今月2日(金)の日経新聞「経済教室」は、
猪木武徳・青山学院大学特任教授の「歴史と思想に学ぶ」シリーズで、
タイトルは『安易な「改革」に危険も』でした。
猪木教授はこの論考で、
制度の変更を軽々に求めないという保守的姿勢が、
リベラリズムの健全さを支えるということを指摘されています。
論考の中で一番印象に残ったのは、保守主義の神髄についての次の記述でした。
『「制度」と価値意識の乖離問題は、保守主義の意味を改めて反省させてくれる。
保守思想は必ずしも自由主義と相対立するものではない。
学界や論壇で、概してマルクス主義の影響が強かった20世紀の日本では、
あらゆる変化に反対を唱える頑迷な守旧派を「保守主義者」と呼んできた。
しかしこれは大いなる誤りである。
保守主義は真の自由主義の一要素であり、
保守的要素を欠いた自由主義は軽佻浮薄(けいちょうふはく)に流れやすい。
より良い状態を実現できる十分な根拠が存在する場合のみ改革や変化を受け入れ、
軽々に制度をいじらず、改革の根拠をめぐる議論を知性の力を用いて十分に尽くす。
そこに保守主義的姿勢の神髄があるのだ。
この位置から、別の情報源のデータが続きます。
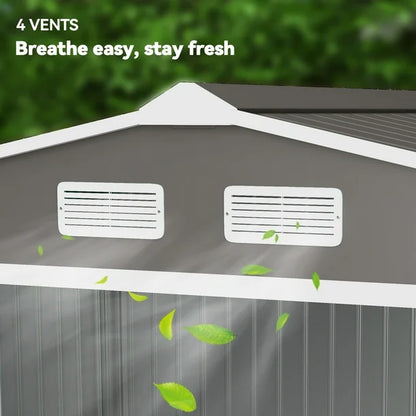 9.1'x 6.4' x 6.3' outdoor Storage Shed w/ Steel Foundation Kit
』
そして、私たちに身近な例として取り上げられた次の箇所は、
読んでいて溜飲が下がる思いでした。
『企業組織においても、新任の課長や部長で、
すぐさま「改革、改革」と言い出すのは力不足のリーダーが多いといわれる。
確かに従来の制度の非合理性を指摘すると、「改革論」は説得力を持つ。
しかし一つの制度は、
多くの試行錯誤と想定外の事象を経て現在の形を取ったものが多い。
「制度を変えれば、うまくいく」という素朴な思考は危険な幻想とも呼べる。』
まことに猪木教授のおっしゃるとおりだと思います。
上記のような「改革」を唱える上司に反対意見を述べると、
すぐに「抵抗勢力」というレッテルを貼られてしまいます。
私にも苦い経験があります。
論考の最後に書かれている次の記述は、
いわゆる「新自由主義」に対する猪木教授の批判のように私には思えるのですが、
これに対しては、どのような反論が考えられるのでしょうか?
「軽さ」と「薄さ」という言葉は、すごく挑発的なような感じがしました。
『制度を短期的な「合理性」の視点からだけ評価するのは一面的に過ぎる。
社会には目に見えない複雑な精神的要因が伏在している。
目的合理性の視点から理性的に社会をデザインすると、
長い時間を経て歴史的に生まれ出てきた制度の中核部分を見失う恐れがある。
「構造改革」という言葉にこうした軽さと薄さがあることをあえて指摘したい。』
「慎重さ」は、保守主義の性格なのかもしれません。